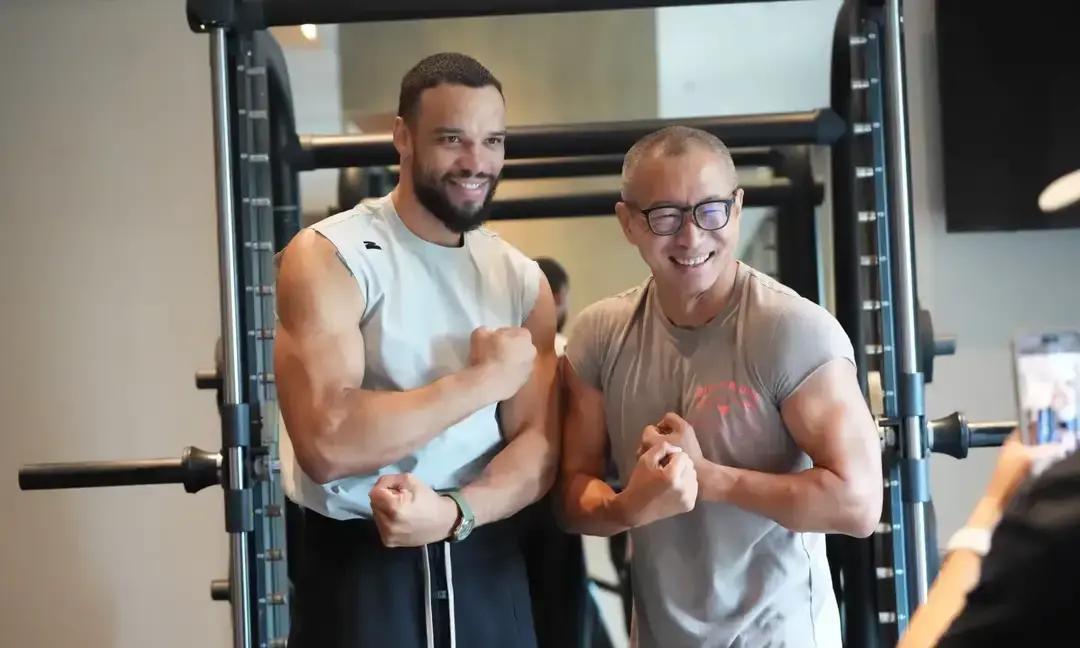 于嘉和狄龙布鲁克斯比拼肌肉！我国著名篮球主持人于嘉近日和NBA球员狄龙布鲁克斯一起在健身房锻炼，他们还一起比拼了肌肉，不得不说于嘉老师真的非常自律，他的肌肉线条非常明显。狄龙布鲁克斯来到中国后也要坚持每天训练，看来NBA球员的成功不仅仅是依靠天赋，他们也要在背后付出很多的努力！

很多网友刷到这段健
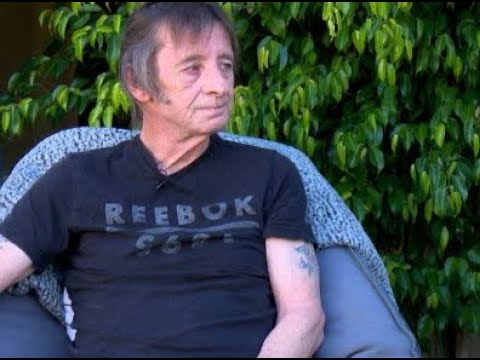 Will drummer Phil Rudd be rejoining ACDC?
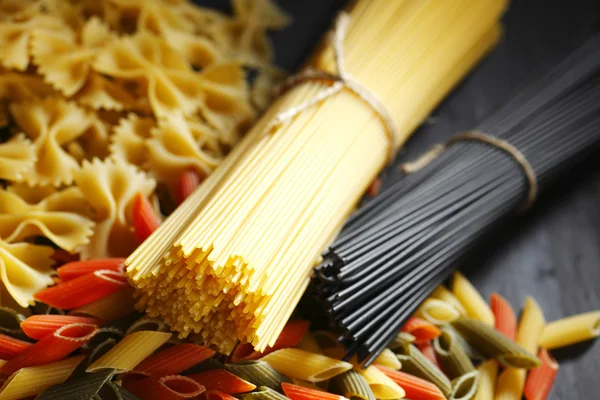 Olika typer och former av italiensk pasta — Stockfoto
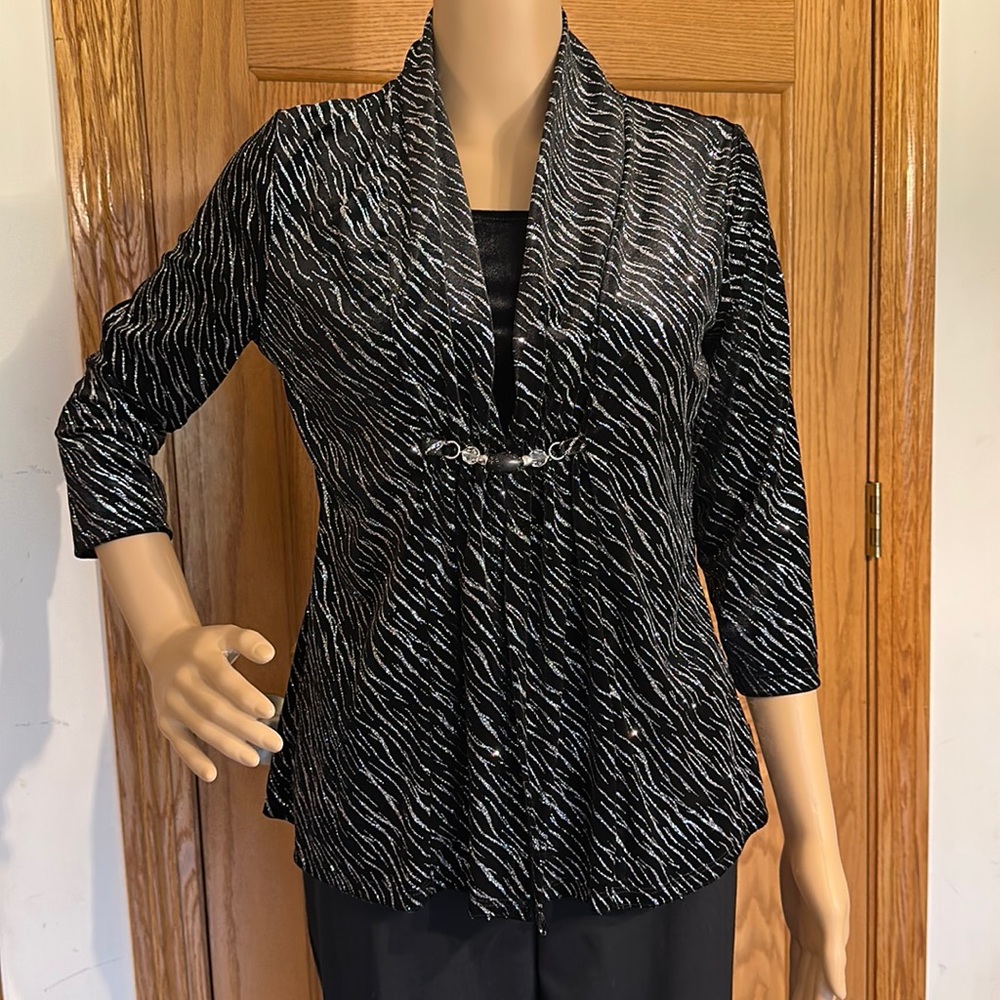 Element Petite - black with silver accents jacket with attached inner bl…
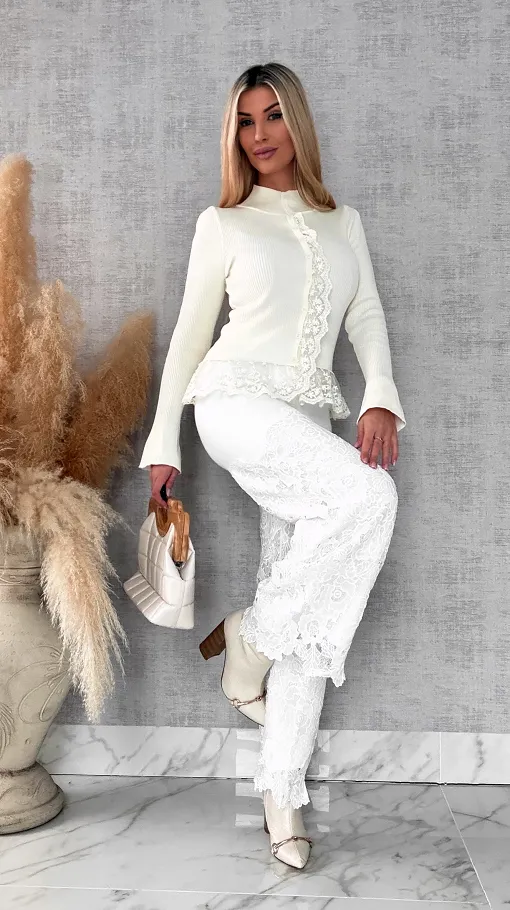 Super dzianinowe spodnie z koronkowymi nogawkami BIAŁE - R728A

══════════

• _WHAT THE TASK ASKS_
Write out a verbatim copy of the lines from the line that contains "Element Petite - black" through the end of the entries above; pictures are not copied.

• _RESPONSE TO THIS TASK_
 Element Petite - black with silver accents jacket with attached inner bl…
 Super dzianinowe spodnie z koronkowymi nogawkami BIAŁE - R728A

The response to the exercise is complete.